Dates, From, and To window boxes
The Dates, From, and To boxes, for example, let you tell QuickBooks what reporting interval you want to show in the report. In other words, you use these boxes to tell QuickBooks the month, quarter, year, or whatever period for which you want to prepare a report.Columns drop-down list
The Columns drop-down list displays a set of column choices. By default, QuickBooks displays a single total column for a report based on the time period you select. If you produce a report that summarizes annual income and expense data, for example, you can use the Columns drop-down list to tell QuickBooks that you want to see monthly columns. In this situation, QuickBooks shows an annual income statement, but it also shows columns for January, February, March, and so forth, providing some more detail on a certain time period, customer, or vendor. To see how this works, take a look at the figure. The profit and loss statement in the window is composed of only a Total column.Now take a look at the following figure; it shows the same profit and loss statement, except this time, the Columns drop-down list shows Customer:Job. In this case, QuickBooks shows you a breakdown of your income and expenses by Customer and Job, as well as the total. The Columns drop-down list gives you a bunch of column options. Typically, some options make sense for the report that you’re working on; others won’t. Nevertheless, you should occasionally experiment with this tool. The Columns drop-down list often gives you a neat way to further segregate and refine your data.
Sort By drop-down list
The Sort By drop-down list enables you to choose how information should be ordered in a report. For many types of reports, the Sort By drop-down list doesn’t provide any meaningful options.

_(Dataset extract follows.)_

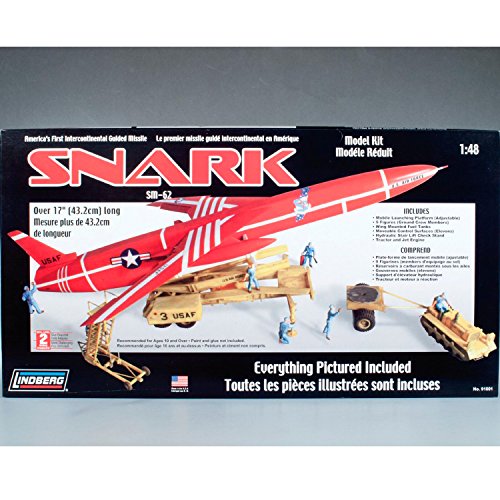 Lindberg 91001 - Snark Interkontinental-Rakete Lindberg 91001 - Snark Interkontinental-Rakete von AMT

For other types of reports, however, the Sort By drop-down list provides handy ways to organize report information.Report Basis option buttons
A newly added feature for this year is the ability to toggle directly between accrual basis and cash basis on the report. The Report Basis option buttons — Accrual and Cash — let you specify whether you want QuickBooks to prepare a report on a cash basis or on an accrual basis. Now, quite honestly, you can’t simply convert between cash-basis accounting and accrual-basis accounting by clicking these buttons. Cash-basis accounting and accrual-basis accounting are too complicated for QuickBooks to figure out on its own. If you use accrual-basis accounting, for example, you must use the QuickBooks Accounts Payable feature, and you must record revenue and expense transactions when you earn revenue and incur expenses. Nevertheless, these Report Basis buttons enable you to quickly flip between cash-centric profit statements and accrual-like financial statements. And that’s pretty handy.In a nutshell, cash-basis accounting counts income and expense when cash moves into and out of a business. Accrual-basis accounting counts income when it’s earned and counts expense when it’s incurred.